Building a Background PDF Generation App Using Python Celery and Template Data

In today’s digital age, businesses often require the generation of PDF files with dynamic data for various purposes such as reports, invoices, or certificates. However, generating these PDF files synchronously within a web application can lead to performance issues and user experience degradation. To solve this, we can create a background app that asynchronously generates PDF files with data from templates. Here, we will build such an app using Celery and Flask, two popular Python frameworks.

Step-by-Step Implementation

Project Structure

pdf_generator/
├── app.py
├── celery_config.py
├── tasks.py
└── templates/
└── index.html

Step 1: Setting Up the Environment

Python
pip install Flask Celery redis Jinja2 reportlab

Step 2: Defining Celery Configuration

In celery_config.py, define the Celery configuration, including the broker and backend URLs.

Python
from celery import Celery

celery_app = Celery(
    'tasks',
    broker='redis://localhost:6379/0',
    backend='redis://localhost:6379/0',
)

Step 3: Defining Celery Tasks

In tasks.py, define the Celery task to generate PDF files. We’ll use the ReportLab library to create PDFs with dynamic data.

Python
from celery_config import celery_app
from reportlab.lib.pagesizes import letter
from reportlab.pdfgen import canvas

@celery_app.task
def generate_pdf():
    # Generate a PDF file
    filename = 'example.pdf'
    c = canvas.Canvas(filename, pagesize=letter)
    c.drawString(100, 750, "Hello, this is a PDF generated by Celery!")
    c.save()
    return filename

Step 3: Creating the Flask Application

In app.py, create a Flask application and configure it to use Celery. Define routes to trigger PDF generation tasks.

Python
from flask import Flask, render_template
from tasks import generate_pdf

app = Flask(__name__)

# Load Celery configuration
app.config.update(
    CELERY_BROKER_URL='redis://localhost:6379/0',
    CELERY_RESULT_BACKEND='redis://localhost:6379/0'
)

# Initialize Celery
from celery import Celery
celery = Celery(app.name, broker=app.config['CELERY_BROKER_URL'])
celery.conf.update(app.config)

@app.route('/')
def index():
    return render_template('index.html')

@app.route('/generate-pdf')
def trigger_generate_pdf():
    result = generate_pdf.delay()
    return f'PDF generation task queued! Task ID: {result.id}'

if __name__ == '__main__':
    app.run(debug=True)

Step 4: Implementing the PDF Generation Logic

Create a template HTML file (index.html) in the templates directory. This file will contain the structure of the PDF file. Use placeholders for dynamic data.

Python
<!DOCTYPE html>
<html>
<head>
    <title>PDF Generator</title>
</head>
<body>
    <h1>Welcome to the PDF Generator!</h1>
    <p>Click the button below to generate a PDF file.</p>
    <form action="/generate-pdf" method="get">
        <button type="submit">Generate PDF</button>
    </form>
</body>
</html>

Step 5: Run the application

  • Start a Redis server.
  • Run the Celery worker by executing celery -A celery_config.celery_app worker –loglevel=info.
  • Run the Flask application by executing python app.py.

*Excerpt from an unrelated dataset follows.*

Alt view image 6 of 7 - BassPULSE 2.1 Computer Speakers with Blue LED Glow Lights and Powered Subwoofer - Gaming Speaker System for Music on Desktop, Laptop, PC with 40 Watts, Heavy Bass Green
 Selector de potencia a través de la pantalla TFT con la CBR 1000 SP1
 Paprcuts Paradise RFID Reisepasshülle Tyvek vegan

Access the Flask application in browser at http://127.0.0.1:5000 and click the “Generate PDF” button to trigger the Celery task to generate a PDF file.

Interpret the Result

  • “PDF generation task queued!”: This part of the output confirms that the task to generate a PDF file has been queued for execution.
  • “Task ID: Each task in Celery is assigned a unique identifier (UUID) known as the task ID. This ID is used to track the progress and status of the task. In this case, “dc86e58c-abcb-47fe-8f83-10f0590a9773” is the task ID assigned to the PDF generation task.
  • Overall, this output indicates that the PDF generation process has been initiated and is awaiting execution by the Celery worker. Once the task is picked up by the worker, it will generate the PDF file asynchronously in the background.